Museum metabarcoding: A novel method revealing gut helminth communities of small mammals across space and time

Authors: GREIMAN, STEPHEN - Georgia Southern University; COOK, JOSEPH - University Of New Mexico; TKACH, VASYL - University Of North Dakota; Hoberg, Eric; MENNING, DAMIAN - Us Geological Survey (USGS); HOPE, ANDREW - Kansas State University; SONSTHAGEN, SARAH - Us Geological Survey (USGS); TALBOT, SANDRA - Us Geological Survey (USGS)

Submitted to: International Journal for Parasitology
Publication Type: Peer Reviewed Journal
Publication Acceptance Date: 8/9/2018
Publication Date: 10/11/2018
Citation: Greiman, S., Cook, J., Tkach, V., Hoberg, E.P., Menning, D., Hope, A., Sonsthagen, S., Talbot, S. 2018. Museum metabarcoding: A novel method revealing gut helminth communities of small mammals across space and time. International Journal for Parasitology. 48(13):1061-1070. https://doi.org/10.1016/j.ijpara.2018.08.001.
DOI: https://doi.org/10.1016/j.ijpara.2018.08.001

Interpretive Summary: Natural history collections spanning multiple decades have the potential to provide critical historical baselines to measure and understand changing biodiversity. New technologies, such as next generation sequencing to reveal genetic diversity, have considerably increased the use of museum specimens to address significant questions regarding environmental change and shifts in species interactions. In our pilot and model study we explored parasites among shrews (Eulipotyphla: Soricidae). These small mammals occupy diverse habitats, host an abundant parasite fauna (97 helminth species in North America alone), and are widespread across the globe. We applied a new technique to identify the helminth parasites and microbiomes (bacteria) of these small insectivorous mammals. We included museum specimens prepared in varying ways to explore the efficacy of using metagenomics analyses to explore helminth and intestinal bacterial symbiont community changes across temporal and spatial scales.
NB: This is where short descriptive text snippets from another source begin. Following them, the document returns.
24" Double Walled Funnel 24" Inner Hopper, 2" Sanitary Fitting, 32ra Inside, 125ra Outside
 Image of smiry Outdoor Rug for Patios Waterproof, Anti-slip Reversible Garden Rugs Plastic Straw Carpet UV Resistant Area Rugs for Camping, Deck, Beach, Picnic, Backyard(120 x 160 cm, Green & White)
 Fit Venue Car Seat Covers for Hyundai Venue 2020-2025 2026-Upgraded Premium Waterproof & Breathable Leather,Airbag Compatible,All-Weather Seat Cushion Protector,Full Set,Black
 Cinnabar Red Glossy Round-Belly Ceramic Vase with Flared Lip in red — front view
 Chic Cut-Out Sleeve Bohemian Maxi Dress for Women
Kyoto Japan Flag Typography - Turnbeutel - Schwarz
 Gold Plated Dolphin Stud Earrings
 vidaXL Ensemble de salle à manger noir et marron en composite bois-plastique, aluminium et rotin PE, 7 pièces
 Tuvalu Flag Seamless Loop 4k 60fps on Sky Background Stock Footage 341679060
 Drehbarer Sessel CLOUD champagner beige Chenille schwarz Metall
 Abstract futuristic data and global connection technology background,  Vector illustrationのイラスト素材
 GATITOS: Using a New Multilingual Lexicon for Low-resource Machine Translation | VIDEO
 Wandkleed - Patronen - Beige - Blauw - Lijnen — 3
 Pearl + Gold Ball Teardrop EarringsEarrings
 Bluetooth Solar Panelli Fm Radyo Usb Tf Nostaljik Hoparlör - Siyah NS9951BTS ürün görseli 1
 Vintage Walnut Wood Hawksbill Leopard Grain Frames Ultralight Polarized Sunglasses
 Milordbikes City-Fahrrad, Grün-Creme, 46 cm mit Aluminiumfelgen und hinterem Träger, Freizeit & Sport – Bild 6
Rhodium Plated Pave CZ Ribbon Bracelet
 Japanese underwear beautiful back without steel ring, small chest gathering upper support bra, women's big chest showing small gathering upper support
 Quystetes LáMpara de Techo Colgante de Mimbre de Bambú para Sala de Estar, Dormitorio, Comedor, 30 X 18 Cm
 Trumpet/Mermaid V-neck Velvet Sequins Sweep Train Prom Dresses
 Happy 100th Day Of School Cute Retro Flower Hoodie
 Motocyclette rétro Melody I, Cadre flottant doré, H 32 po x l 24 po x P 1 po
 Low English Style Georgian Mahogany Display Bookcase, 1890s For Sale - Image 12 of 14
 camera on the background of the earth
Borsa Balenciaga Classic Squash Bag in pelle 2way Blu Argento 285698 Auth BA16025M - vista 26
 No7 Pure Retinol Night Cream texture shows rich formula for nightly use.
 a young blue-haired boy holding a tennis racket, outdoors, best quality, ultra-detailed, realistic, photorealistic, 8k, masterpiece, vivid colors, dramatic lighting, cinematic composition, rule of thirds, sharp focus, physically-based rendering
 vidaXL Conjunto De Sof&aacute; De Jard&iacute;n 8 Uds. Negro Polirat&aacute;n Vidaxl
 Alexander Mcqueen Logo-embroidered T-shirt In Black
We successfully sequenced the parasite communities (using 12S mtDNA, 16S mtDNA, 28S rDNA as target genes) and bacterial microbiota (16S rDNA) of 23 whole gastrointestinal tracts (GI) of spirit-preserved whole shrews. Internal organs were obtained from the specimen archives of the Museum of Southwestern Biology and from recent field collections. Specimens varied both in time since fixation (ranging from 16 years to 4 months old) and preservation method (70% ethanol stored at room temperature, 95% ethanol at room temperature, and flash frozen in liquid nitrogen and stored at -80°C). We developed an efficient and robust methodological pipeline preparing these specimens for metagenomic sequencing and subsequent analysis. This newly developed metagenomic technique serves as a powerful model allowing critical examination of the distributions and interactions among multiple groups of organisms through time. Broad applications are apparent for assessing parasite distribution and diversity for parasitologists, and disease ecologists in a variety of federal agencies including the USDA, and across a broad sector of the biological community.

Technical Abstract: Natural history collections spanning multiple decades have the potential to provide critical historical baselines to measure and understand changing biodiversity. New technologies, such as next generation sequencing, have considerably increased the use of museum specimens to address significant questions regarding environmental change and shifts in species interactions. Because shrews (Eulipotyphla: Soricidae) occupy diverse habitats, host a speciose and abundant parasite fauna (97 helminth species in North America alone), and are widespread across the globe, we applied a new technique to identify the helminth parasites and microbiomes (bacteria) of these small insectivorous mammals. Critically, we included museum specimens prepared in varying ways to explore the efficacy of using metagenomics analyses to explore helminth and intestinal bacterial symbiont community changes across temporal and spatial scales. We successfully sequenced the parasite communities (using 12S mtDNA, 16S mtDNA, 28S rDNA as target genes) and bacterial microbiota (16S rDNA) of 23 whole gastrointestinal tracts (GI) of spirit-preserved whole shrews. Guts were obtained from the Museum of Southwestern Biology and from recent field collections and varied both in time since fixation (ranging from 16 years to 4 months old) and preservation method (70% ethanol stored at room temperature, 95% ethanol at room temperature, and flash frozen in liquid nitrogen and stored at -80°C). We outline the methodological pipeline preparing these specimens for metagenomic sequencing and subsequent analysis. This newly developed metagenomic technique serves as a powerful model allowing critical examination of the distributions and interactions among multiple groups of organisms through time.